-- YOUR TASK --
Using the listing below, please print exactly the lines from the one with "4 Mi to Dtwn" through the one with "# VACU2012000 2124". Leave out every picture.

-- DATA --
"""
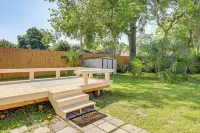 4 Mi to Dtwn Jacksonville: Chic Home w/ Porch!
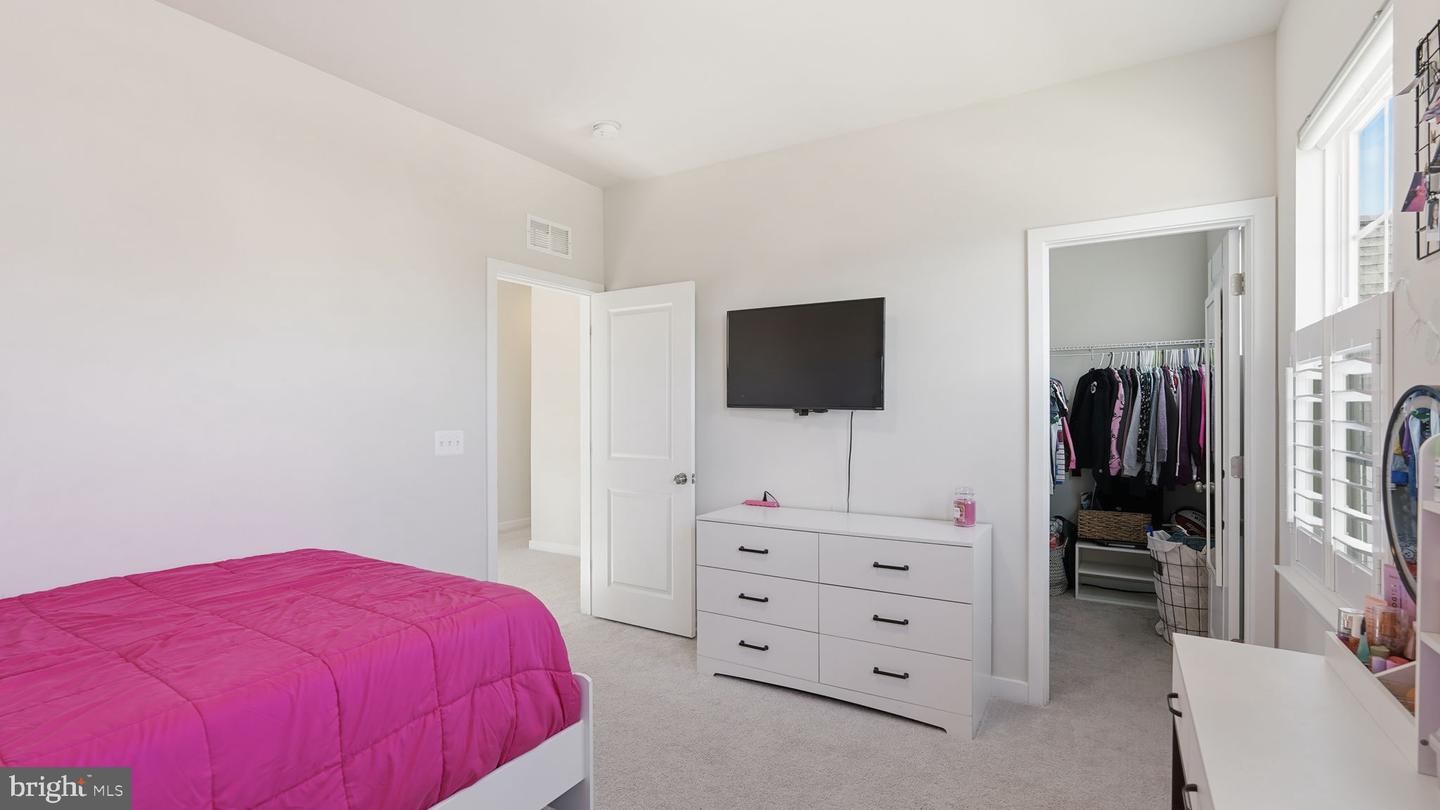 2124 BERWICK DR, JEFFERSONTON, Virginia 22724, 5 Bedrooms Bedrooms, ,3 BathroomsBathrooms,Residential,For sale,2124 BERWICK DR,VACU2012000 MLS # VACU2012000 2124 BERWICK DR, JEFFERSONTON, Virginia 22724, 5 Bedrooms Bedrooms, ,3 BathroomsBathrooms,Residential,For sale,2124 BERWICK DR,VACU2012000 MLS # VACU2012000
"""
"""
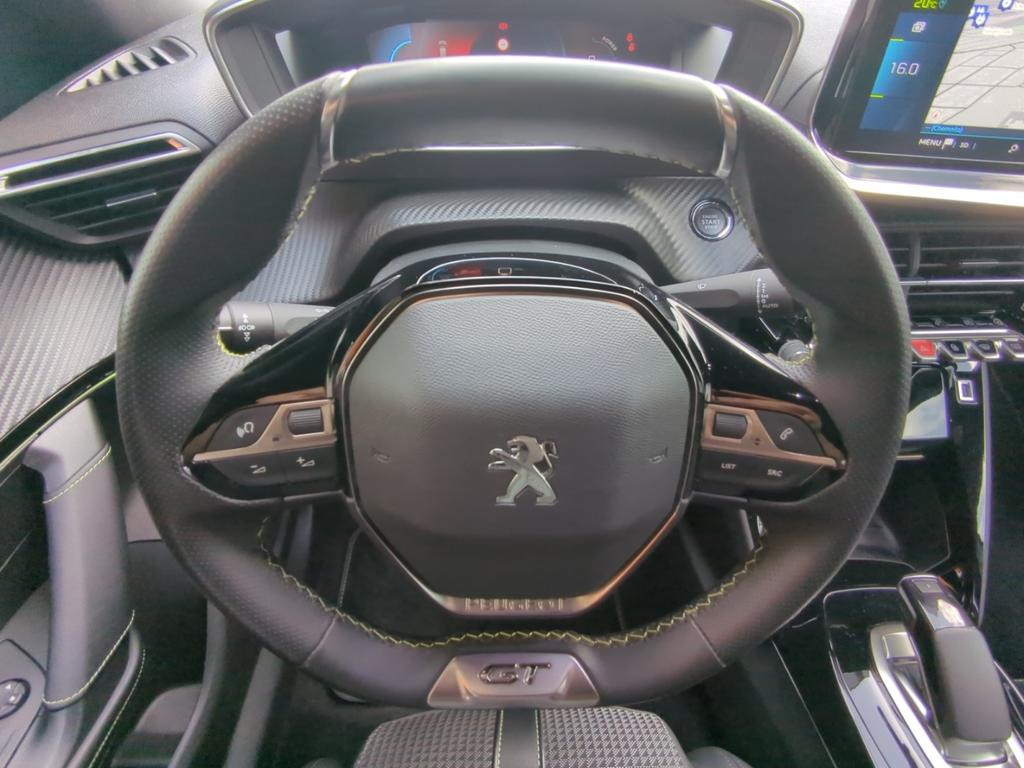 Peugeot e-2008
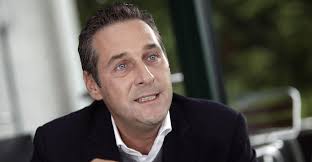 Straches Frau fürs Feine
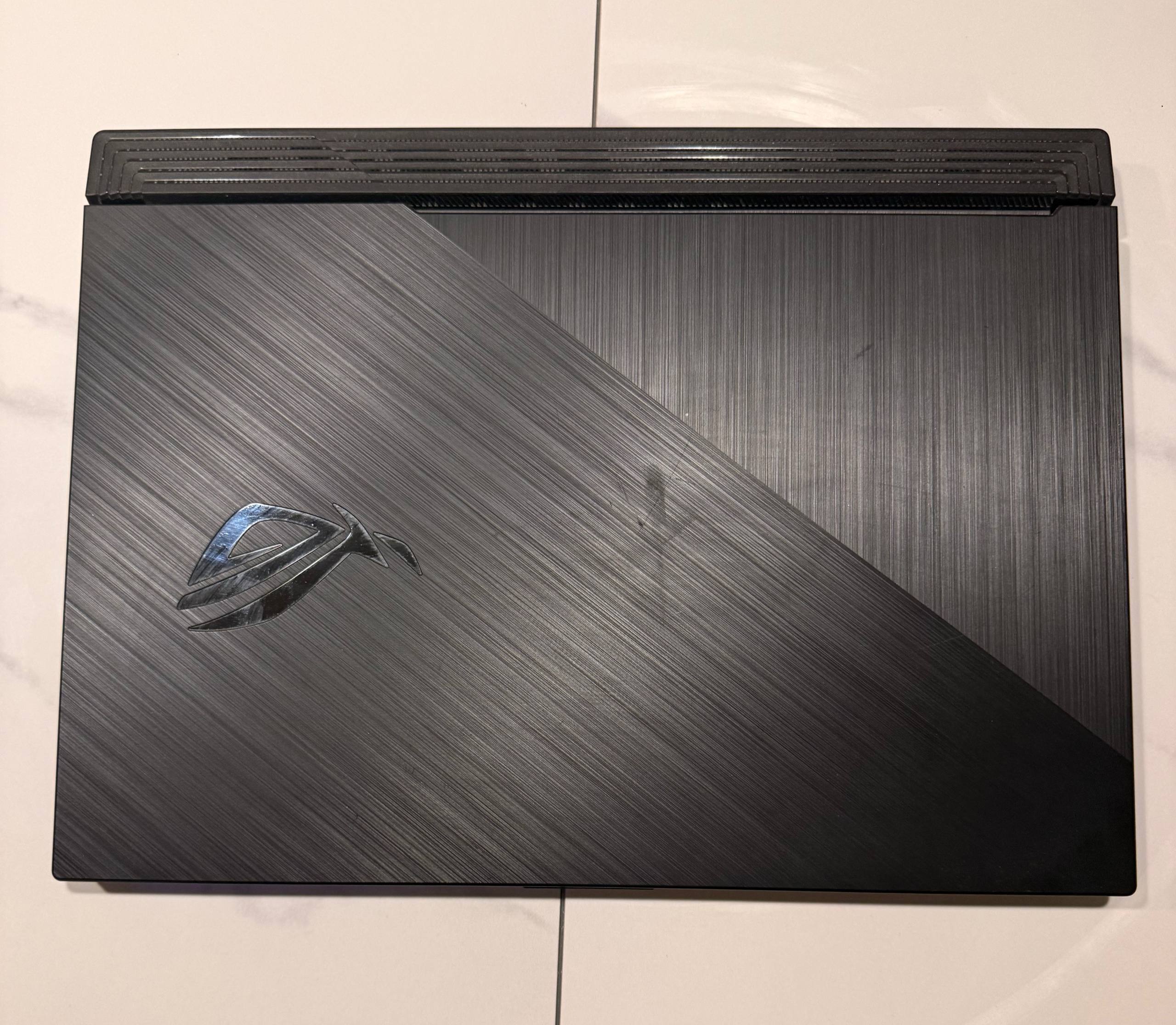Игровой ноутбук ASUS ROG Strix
"""
-- TASK SOLUTION --
 4 Mi to Dtwn Jacksonville: Chic Home w/ Porch!
 2124 BERWICK DR, JEFFERSONTON, Virginia 22724, 5 Bedrooms Bedrooms, ,3 BathroomsBathrooms,Residential,For sale,2124 BERWICK DR,VACU2012000 MLS # VACU2012000 2124 BERWICK DR, JEFFERSONTON, Virginia 22724, 5 Bedrooms Bedrooms, ,3 BathroomsBathrooms,Residential,For sale,2124 BERWICK DR,VACU2012000 MLS # VACU2012000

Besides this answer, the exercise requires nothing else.